What is needed is an exact copy of the lines from the start of the records below through the line with "Please check out", without the pictures.

(Stored items)

——

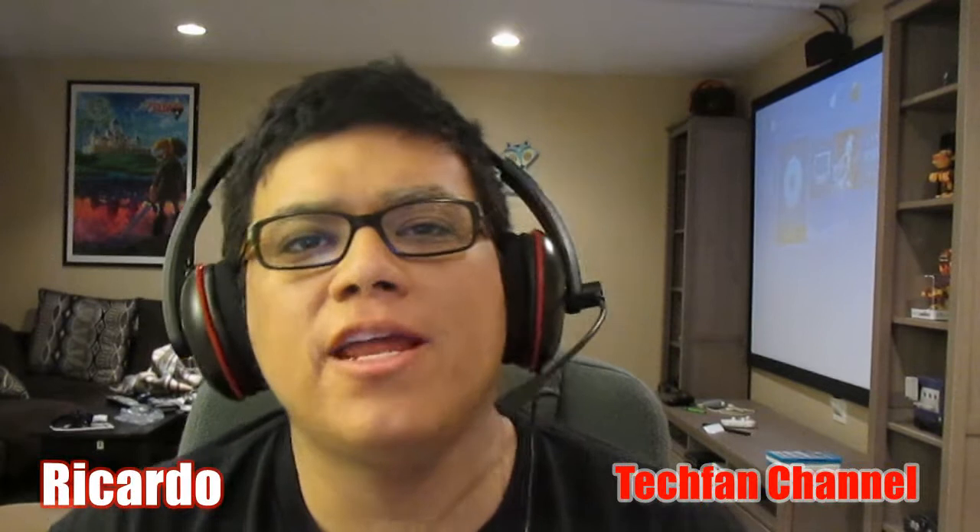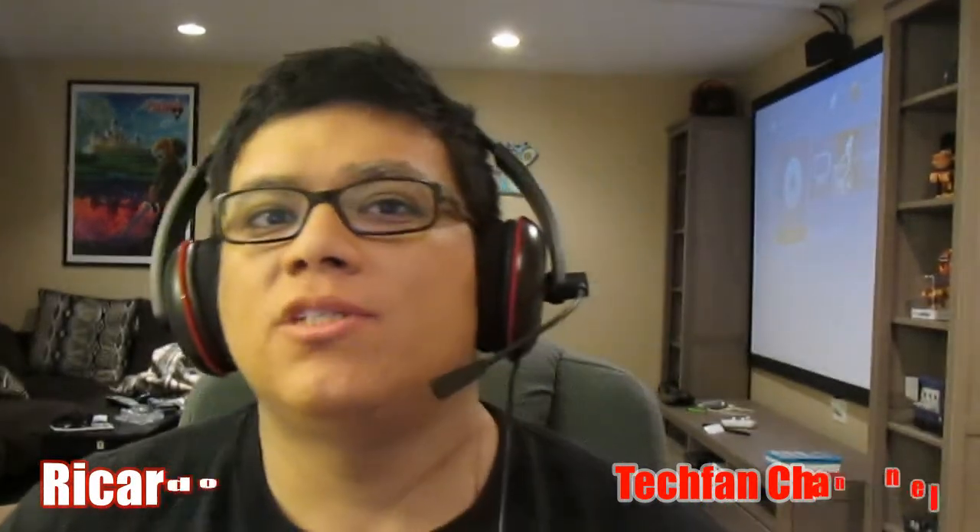Hey, what's going on TAC fans, welcome and thanks for tuning in on this Saturday, November 29th. I wanted to share with you guys a gift that I received from my wife. This is actually a really cool gift for gamers, so if you're looking for an idea on what to get your significant other who likes video games, this is a really neat gift.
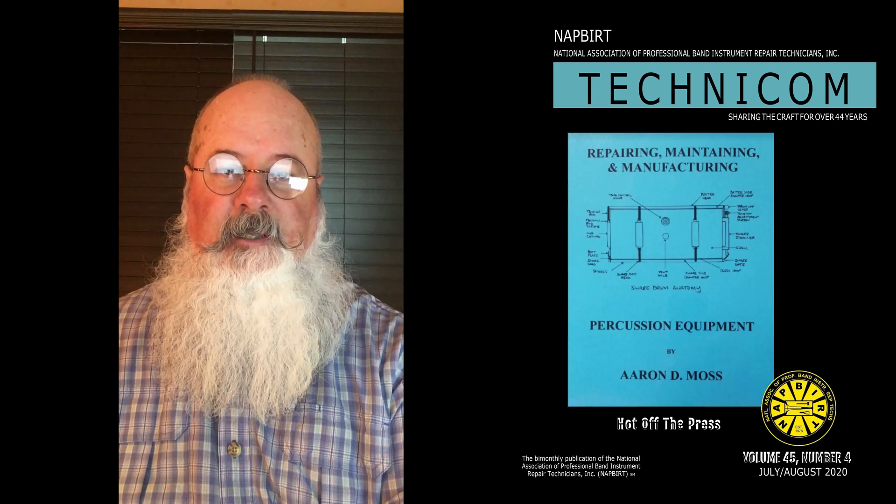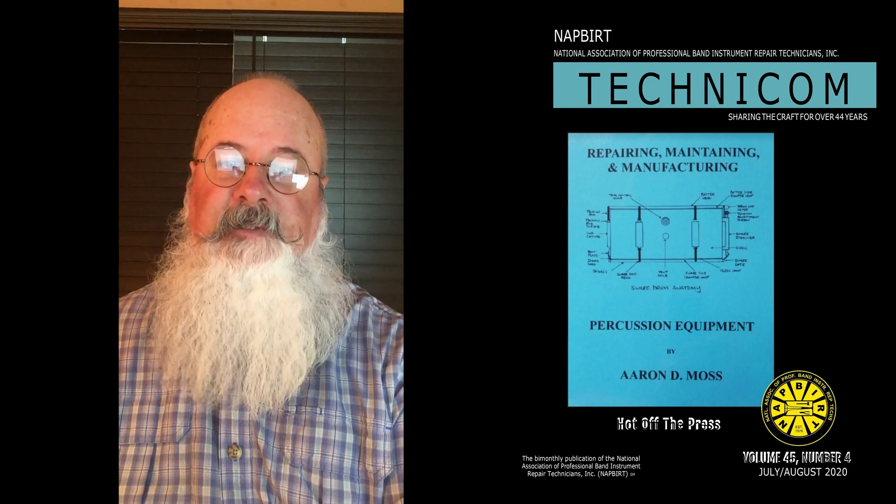Please check out Aaron's clinics and also be sure to pick up a copy of his book, Percussion Repair Manual. Thank you.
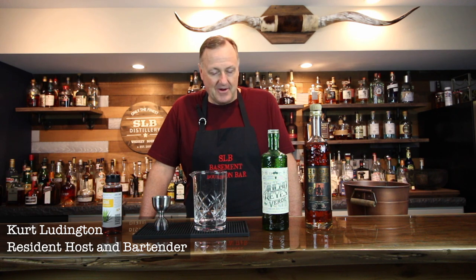Hey all, welcome back to SLB Basement Bourbon Bar. I am Curt Ludington, your resident host and bartender. Today we're going to be mixing up the Ancho Old Fashioned for the first video of 2021. This is a low ingredient cocktail, but it packs an amazing punch and it is simply outstanding.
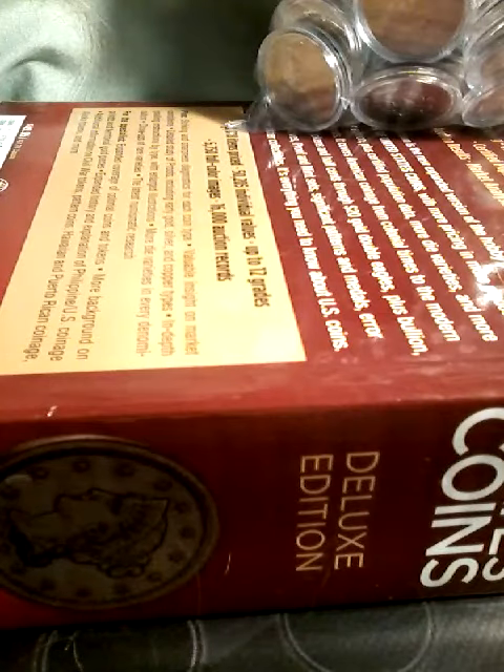Welcome back to my channel. Tonight I'm going to show you some coins that I have in my collection.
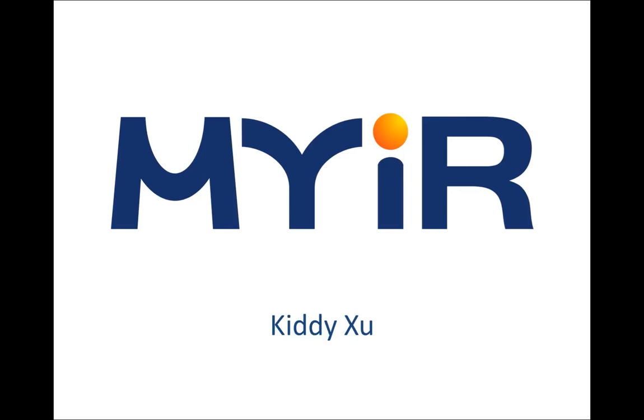Hello, this is Kidi from MirTech. Last time I introduced you to the MYD AM437X Development Board. Today I'm going to give you a brief introduction of the MYD AM335X Development Board.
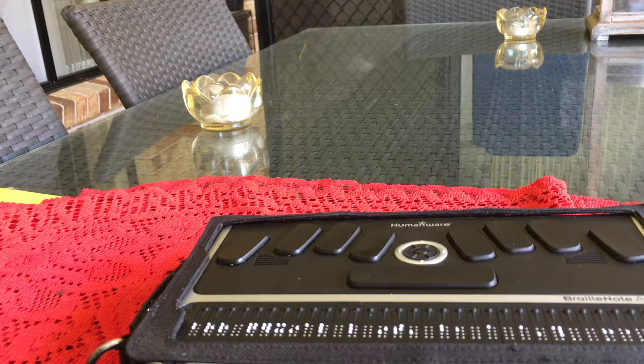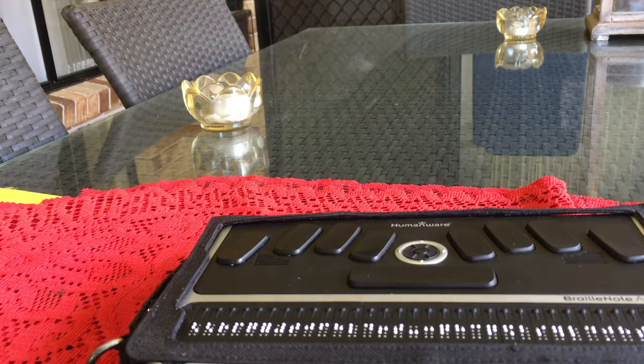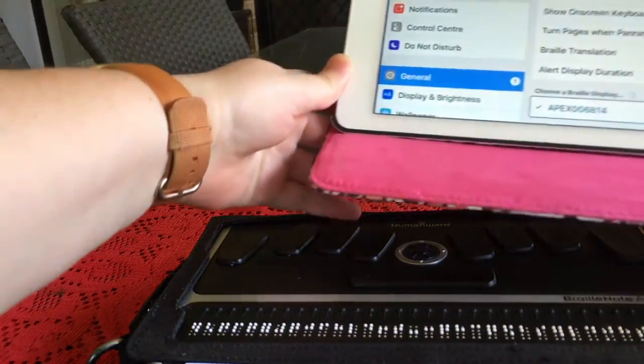This could be easier, but let's just do it. Apex, zero, zero, six, eight, one, four. Secure text field. Zero. Done. Setting. Four zeros and done. Connecting. Button. Selected. Apex — and it's connecting. Apex, zero, zero, six, eight, one, four — connected. I'll set this up so you guys can see it. Hopefully you can see that, if you are someone who uses looking at stuff.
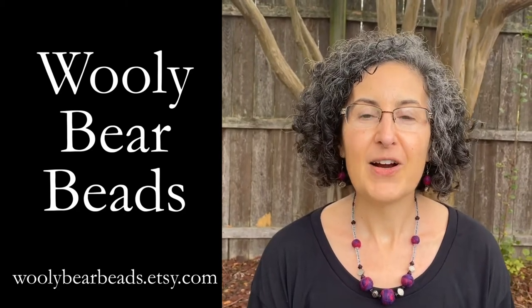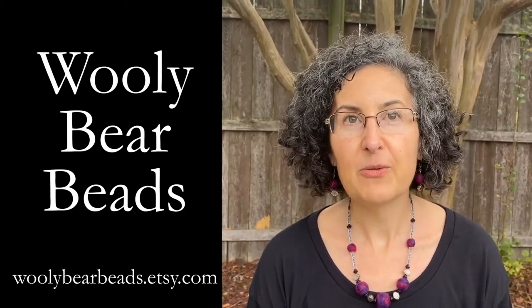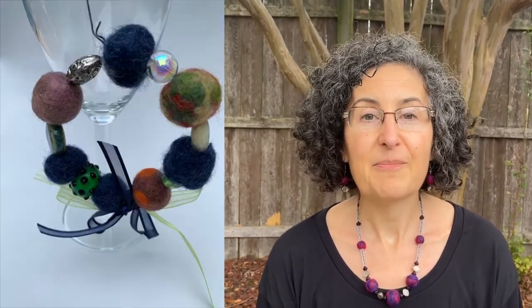Hi, I am Debra Moore. I am the artist behind Wooly Bear Beads and I make jewelry and small accessories out of wool beads that I make. I start with wool roving and I wrap the wool and then wet felt it to make beads that I then pair with various types of stones made of shell or ceramic and then design a piece of jewelry or a small wreath.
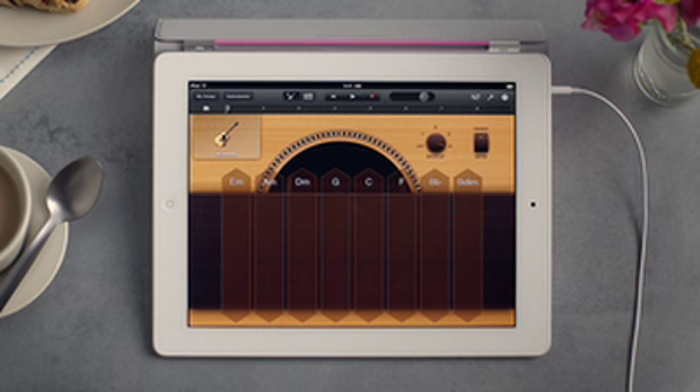As you're playing any instrument, you can tap record to capture an idea whenever inspiration strikes.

——

## Output below
Hey, what's going on TAC fans, welcome and thanks for tuning in on this Saturday, November 29th. I wanted to share with you guys a gift that I received from my wife. This is actually a really cool gift for gamers, so if you're looking for an idea on what to get your significant other who likes video games, this is a really neat gift.
Please check out Aaron's clinics and also be sure to pick up a copy of his book, Percussion Repair Manual. Thank you.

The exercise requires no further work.